Gillard talks about child sex abuse

PRIME Minister Julia Gillard has revealed the  Newcastle Herald’s ‘‘Shine the Light’’ campaign ‘‘got into my head’’, in an exclusive interview about Australia’s historic royal commission into child sexual abuse.

‘‘I think it got into my head, and got into my language because of the campaign,’’ Ms Gillard said on Thursday about her use of the phrase ‘‘shine a light’’ during a media conference on January 11 to announce the six royal commissioners.

The Herald launched its ‘‘Shine the Light’’ campaign for a royal commission on August 4 last year after the suicide of Belmont North child sex victim John Pirona in July.

In announcing the commission, Ms Gillard answered a question by saying: ‘‘We have all got an obligation to shine a light on what’s happened in the past’’.

Ms Gillard agreed to an interview this week because of the Hunter region’s lead role in campaigning for a royal commission on behalf of victims.

It followed five years of the Herald  documenting Catholic Church knowledge of child sex crimes, and Hunter police leading the country’s biggest investigations of Catholic clergy, which helped victims break the silence.

Ms Gillard said the royal commission would be  ‘‘nation-changing’’. 

‘‘When we look back, one of the things that will be most important, and most remembered in this part of the nation’s history, will be the royal commission into child abuse,’’ she said.

Ms Gillard said the decision to hold a national royal commission, when even many victims’ groups accepted that arguments for state-based commissions were much stronger, was reached after ‘‘the evidence piled up about the systemic nature’’ of child sex abuse.

‘‘The number of people who’d averted their eyes was highly disturbing to me,’’ she said.

Between August 9, when Ms Gillard visited Newcastle and told the Herald her government had no plans for a royal commission, and November 12 when she announced one, the ‘‘balance tipped’’, she said.

August 9 was also the day John Pirona was buried.

Central to that tipping point being reached was evidence that the Catholic church moved priests interstate and ‘‘to other parts of the world’’, she said.

The case of Hunter paedophile priest Denis McAlinden, who was sent to Papua New Guinea and New Zealand, but also went to the Philippines and England despite church knowledge of his offending over four decades, was the tipping point that led the NSW Government to announce a commission of inquiry.

It was also a factor in the tipping of the balance in favour of a federal royal commission three days later, after increasingly intense media focus on alleged church cover-ups.

The period included the conclusion of Newcastle police Strike Force Lantle’s investigation into church knowledge of McAlinden, and the roles of three senior Australian Catholic clergy in a secret 1995 attempt to remove him from the priesthood with ‘‘his good name protected’’.

It also included international coverage of Charlestown police Strike Force Georgiana’s charging of priest Tom Brennan with Australia’s first counts of concealing the child sex crimes of another priest.

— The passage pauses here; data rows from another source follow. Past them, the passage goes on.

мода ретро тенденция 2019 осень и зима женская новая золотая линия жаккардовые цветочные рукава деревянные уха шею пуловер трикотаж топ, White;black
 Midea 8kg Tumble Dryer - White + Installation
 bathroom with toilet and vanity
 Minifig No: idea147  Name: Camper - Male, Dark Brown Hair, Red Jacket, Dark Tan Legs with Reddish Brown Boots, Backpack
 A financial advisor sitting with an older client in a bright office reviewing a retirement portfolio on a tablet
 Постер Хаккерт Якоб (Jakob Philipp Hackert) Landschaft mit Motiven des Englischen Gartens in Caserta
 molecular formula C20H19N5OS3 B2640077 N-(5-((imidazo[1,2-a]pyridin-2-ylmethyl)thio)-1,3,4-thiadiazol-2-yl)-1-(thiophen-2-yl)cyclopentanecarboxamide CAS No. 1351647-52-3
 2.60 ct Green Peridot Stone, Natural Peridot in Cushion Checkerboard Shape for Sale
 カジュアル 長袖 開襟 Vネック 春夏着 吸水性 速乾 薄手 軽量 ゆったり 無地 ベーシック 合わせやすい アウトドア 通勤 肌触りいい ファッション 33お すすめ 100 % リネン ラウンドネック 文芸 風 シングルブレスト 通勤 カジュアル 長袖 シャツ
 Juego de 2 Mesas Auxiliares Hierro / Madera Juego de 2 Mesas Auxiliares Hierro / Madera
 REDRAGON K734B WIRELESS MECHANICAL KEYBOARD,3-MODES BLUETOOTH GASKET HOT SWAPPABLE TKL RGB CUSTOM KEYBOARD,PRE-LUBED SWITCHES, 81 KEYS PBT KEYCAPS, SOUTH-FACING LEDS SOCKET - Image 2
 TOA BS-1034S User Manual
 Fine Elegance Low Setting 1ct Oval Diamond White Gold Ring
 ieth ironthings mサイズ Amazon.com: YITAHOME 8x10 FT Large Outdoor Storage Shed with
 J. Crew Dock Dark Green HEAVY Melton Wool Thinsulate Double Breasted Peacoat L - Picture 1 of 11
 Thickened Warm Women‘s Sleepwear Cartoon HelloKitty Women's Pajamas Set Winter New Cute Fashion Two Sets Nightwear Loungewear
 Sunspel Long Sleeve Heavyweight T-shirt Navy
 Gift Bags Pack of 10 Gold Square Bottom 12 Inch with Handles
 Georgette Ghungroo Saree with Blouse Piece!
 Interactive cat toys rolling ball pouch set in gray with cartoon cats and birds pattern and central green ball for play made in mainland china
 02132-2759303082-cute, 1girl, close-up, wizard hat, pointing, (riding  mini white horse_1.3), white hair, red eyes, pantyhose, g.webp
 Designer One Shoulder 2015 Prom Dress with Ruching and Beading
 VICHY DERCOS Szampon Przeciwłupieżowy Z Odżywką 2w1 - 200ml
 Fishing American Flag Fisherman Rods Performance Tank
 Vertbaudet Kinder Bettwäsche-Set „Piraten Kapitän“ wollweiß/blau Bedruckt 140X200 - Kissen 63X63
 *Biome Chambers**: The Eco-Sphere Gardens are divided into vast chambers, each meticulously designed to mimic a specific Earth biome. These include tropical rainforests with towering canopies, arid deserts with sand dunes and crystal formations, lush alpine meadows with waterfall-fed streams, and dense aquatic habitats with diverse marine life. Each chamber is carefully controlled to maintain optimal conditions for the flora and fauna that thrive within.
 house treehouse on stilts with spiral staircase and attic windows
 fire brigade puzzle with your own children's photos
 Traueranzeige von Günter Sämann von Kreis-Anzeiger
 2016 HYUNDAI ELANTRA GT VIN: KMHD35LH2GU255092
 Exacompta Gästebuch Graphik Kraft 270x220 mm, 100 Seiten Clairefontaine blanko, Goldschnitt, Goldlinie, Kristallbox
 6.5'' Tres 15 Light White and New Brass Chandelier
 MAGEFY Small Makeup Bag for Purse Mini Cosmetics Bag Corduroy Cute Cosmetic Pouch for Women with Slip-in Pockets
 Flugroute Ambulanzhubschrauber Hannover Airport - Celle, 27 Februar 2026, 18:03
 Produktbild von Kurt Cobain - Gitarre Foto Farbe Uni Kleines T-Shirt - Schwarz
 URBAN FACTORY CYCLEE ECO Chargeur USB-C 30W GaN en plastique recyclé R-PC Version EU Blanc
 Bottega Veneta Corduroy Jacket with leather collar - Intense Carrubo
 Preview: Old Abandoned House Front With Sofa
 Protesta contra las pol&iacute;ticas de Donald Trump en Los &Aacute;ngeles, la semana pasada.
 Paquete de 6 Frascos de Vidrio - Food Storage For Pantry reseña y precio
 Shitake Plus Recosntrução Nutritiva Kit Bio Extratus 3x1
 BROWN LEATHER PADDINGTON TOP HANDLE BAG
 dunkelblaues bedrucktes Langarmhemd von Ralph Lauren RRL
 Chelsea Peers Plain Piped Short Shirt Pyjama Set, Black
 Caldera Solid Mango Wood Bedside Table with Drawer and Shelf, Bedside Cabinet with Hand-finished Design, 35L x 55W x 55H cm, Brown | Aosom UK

‘‘For some time I felt that maybe more localised inquiries, state-based, would be the way to get the balance right,’’ Ms Gillard said.

‘‘I knew a federal royal commission would be a huge thing. I was trying at every stage to balance what would be the best for the victims; what is the thing that most relieves their trauma?

‘‘How can we allow people to tell their stories and be believed without making people relive their trauma? You should only do that for a really good purpose.

‘‘As the evidence piled up it just seemed to me the balance for a federal inquiry became apparent. The scale of it was becoming more and more apparent for me.’’

The movement of priests after allegations of child sexual assault was the tipping point.

‘‘People weren’t just moved to the next town up the road. They were moved interstate and in some cases, to other parts of the world. That’s where the balance was reached for a federal royal commission.’’

Ms Gillard said she had not been sexually abused as a child, but as a parliamentarian had listened to victims’ stories.

‘‘I don’t have a personal experience. I didn’t have anything happen to me or a family member or friend,’’ she said.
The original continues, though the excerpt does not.